EXERCISE BRIEF: The answer must consist of the entire listing, repeated exactly.

────────

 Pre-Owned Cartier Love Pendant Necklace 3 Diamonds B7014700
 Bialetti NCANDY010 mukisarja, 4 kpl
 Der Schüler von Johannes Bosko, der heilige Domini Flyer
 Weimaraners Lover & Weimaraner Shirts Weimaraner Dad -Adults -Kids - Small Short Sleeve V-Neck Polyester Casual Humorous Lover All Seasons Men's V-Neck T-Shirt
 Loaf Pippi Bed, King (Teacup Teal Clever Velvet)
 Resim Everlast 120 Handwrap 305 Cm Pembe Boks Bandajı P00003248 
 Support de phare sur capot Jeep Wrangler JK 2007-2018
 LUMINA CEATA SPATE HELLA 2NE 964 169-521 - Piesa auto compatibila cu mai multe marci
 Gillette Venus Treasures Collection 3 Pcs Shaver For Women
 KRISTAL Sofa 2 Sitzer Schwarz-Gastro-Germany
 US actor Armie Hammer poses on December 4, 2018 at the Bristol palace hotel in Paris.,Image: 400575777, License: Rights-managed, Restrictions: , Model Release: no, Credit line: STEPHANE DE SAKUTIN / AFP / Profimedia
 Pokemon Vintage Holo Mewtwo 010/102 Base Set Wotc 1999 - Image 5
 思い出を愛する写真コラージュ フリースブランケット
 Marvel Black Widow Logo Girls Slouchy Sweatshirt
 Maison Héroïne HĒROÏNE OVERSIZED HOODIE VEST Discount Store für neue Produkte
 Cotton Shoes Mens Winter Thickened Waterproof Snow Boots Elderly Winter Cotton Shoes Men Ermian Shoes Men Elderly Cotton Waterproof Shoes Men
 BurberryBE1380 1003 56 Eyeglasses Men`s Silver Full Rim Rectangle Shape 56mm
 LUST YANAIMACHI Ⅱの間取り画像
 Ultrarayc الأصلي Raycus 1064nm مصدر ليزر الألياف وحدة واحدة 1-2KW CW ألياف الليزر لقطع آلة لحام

────────

WRITTEN SOLUTION:
 Pre-Owned Cartier Love Pendant Necklace 3 Diamonds B7014700
 Bialetti NCANDY010 mukisarja, 4 kpl
 Der Schüler von Johannes Bosko, der heilige Domini Flyer
 Weimaraners Lover & Weimaraner Shirts Weimaraner Dad -Adults -Kids - Small Short Sleeve V-Neck Polyester Casual Humorous Lover All Seasons Men's V-Neck T-Shirt
 Loaf Pippi Bed, King (Teacup Teal Clever Velvet)
 Resim Everlast 120 Handwrap 305 Cm Pembe Boks Bandajı P00003248 
 Support de phare sur capot Jeep Wrangler JK 2007-2018
 LUMINA CEATA SPATE HELLA 2NE 964 169-521 - Piesa auto compatibila cu mai multe marci
 Gillette Venus Treasures Collection 3 Pcs Shaver For Women
 KRISTAL Sofa 2 Sitzer Schwarz-Gastro-Germany
 US actor Armie Hammer poses on December 4, 2018 at the Bristol palace hotel in Paris.,Image: 400575777, License: Rights-managed, Restrictions: , Model Release: no, Credit line: STEPHANE DE SAKUTIN / AFP / Profimedia
 Pokemon Vintage Holo Mewtwo 010/102 Base Set Wotc 1999 - Image 5
 思い出を愛する写真コラージュ フリースブランケット
 Marvel Black Widow Logo Girls Slouchy Sweatshirt
 Maison Héroïne HĒROÏNE OVERSIZED HOODIE VEST Discount Store für neue Produkte
 Cotton Shoes Mens Winter Thickened Waterproof Snow Boots Elderly Winter Cotton Shoes Men Ermian Shoes Men Elderly Cotton Waterproof Shoes Men
 BurberryBE1380 1003 56 Eyeglasses Men`s Silver Full Rim Rectangle Shape 56mm
 LUST YANAIMACHI Ⅱの間取り画像
 Ultrarayc الأصلي Raycus 1064nm مصدر ليزر الألياف وحدة واحدة 1-2KW CW ألياف الليزر لقطع آلة لحام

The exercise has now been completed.